• The problem
Below are lines of records; copy exactly those from the one containing "Cuff Bangle Bracelets." through the one containing "Случайный человек в", leaving the pictures behind.

• Records for the task
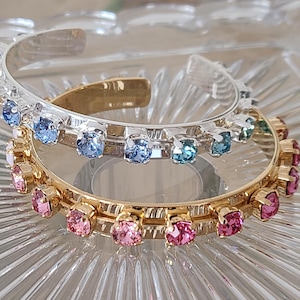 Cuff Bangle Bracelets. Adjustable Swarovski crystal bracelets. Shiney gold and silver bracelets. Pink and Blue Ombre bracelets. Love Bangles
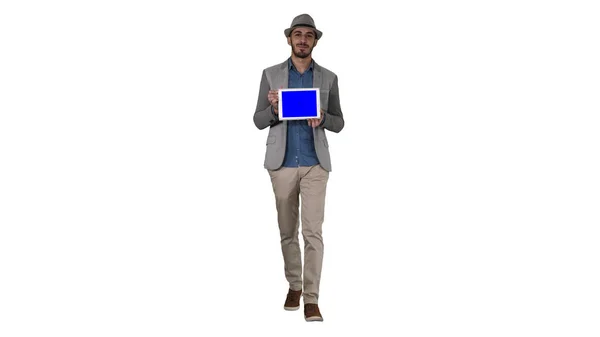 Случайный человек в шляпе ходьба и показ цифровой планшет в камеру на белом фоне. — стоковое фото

---

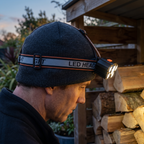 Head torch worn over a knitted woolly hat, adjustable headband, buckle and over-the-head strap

...

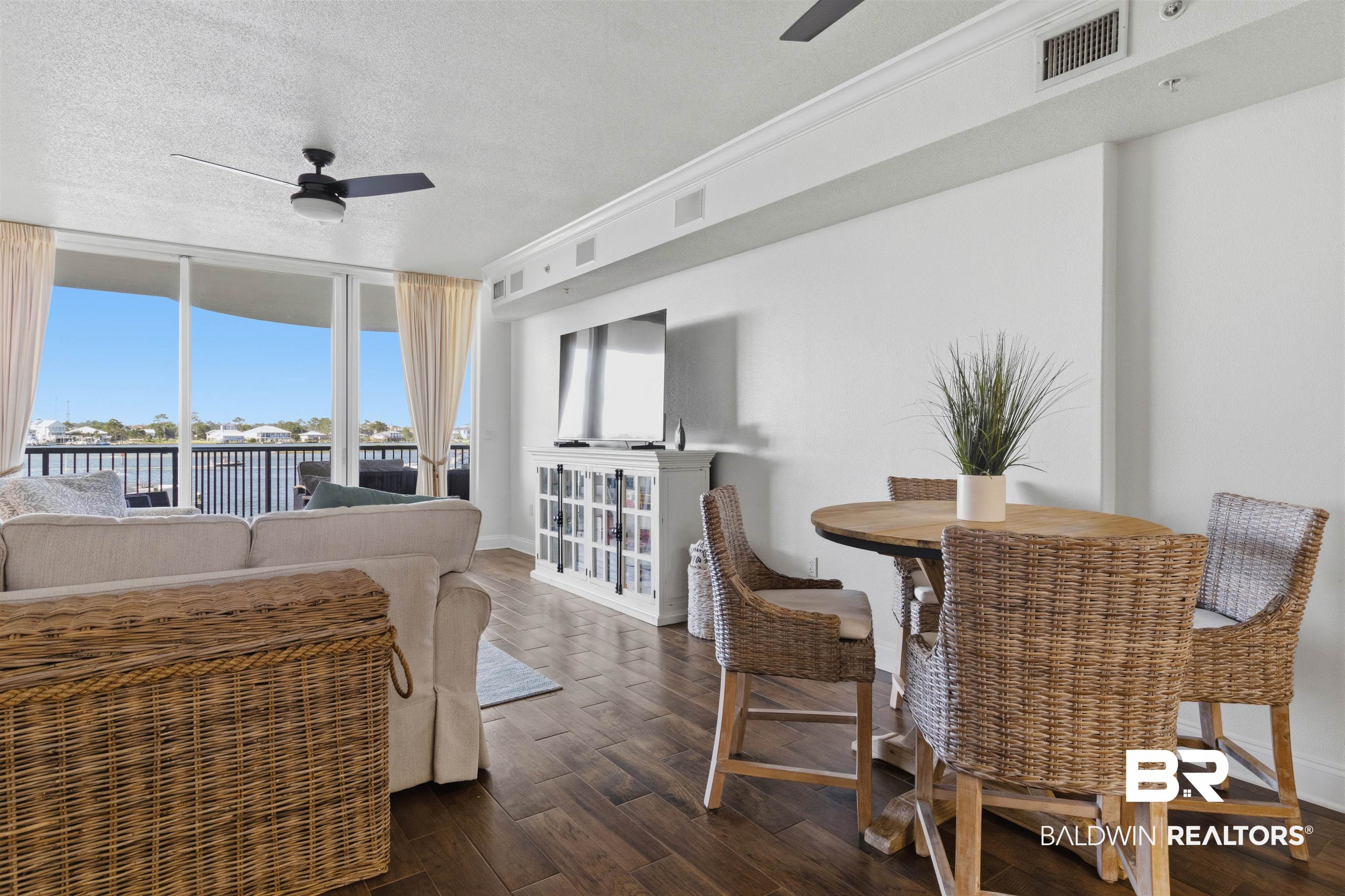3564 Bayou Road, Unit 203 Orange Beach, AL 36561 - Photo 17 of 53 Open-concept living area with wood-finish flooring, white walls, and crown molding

• Reply to the task
 Cuff Bangle Bracelets. Adjustable Swarovski crystal bracelets. Shiney gold and silver bracelets. Pink and Blue Ombre bracelets. Love Bangles
 Случайный человек в шляпе ходьба и показ цифровой планшет в камеру на белом фоне. — стоковое фото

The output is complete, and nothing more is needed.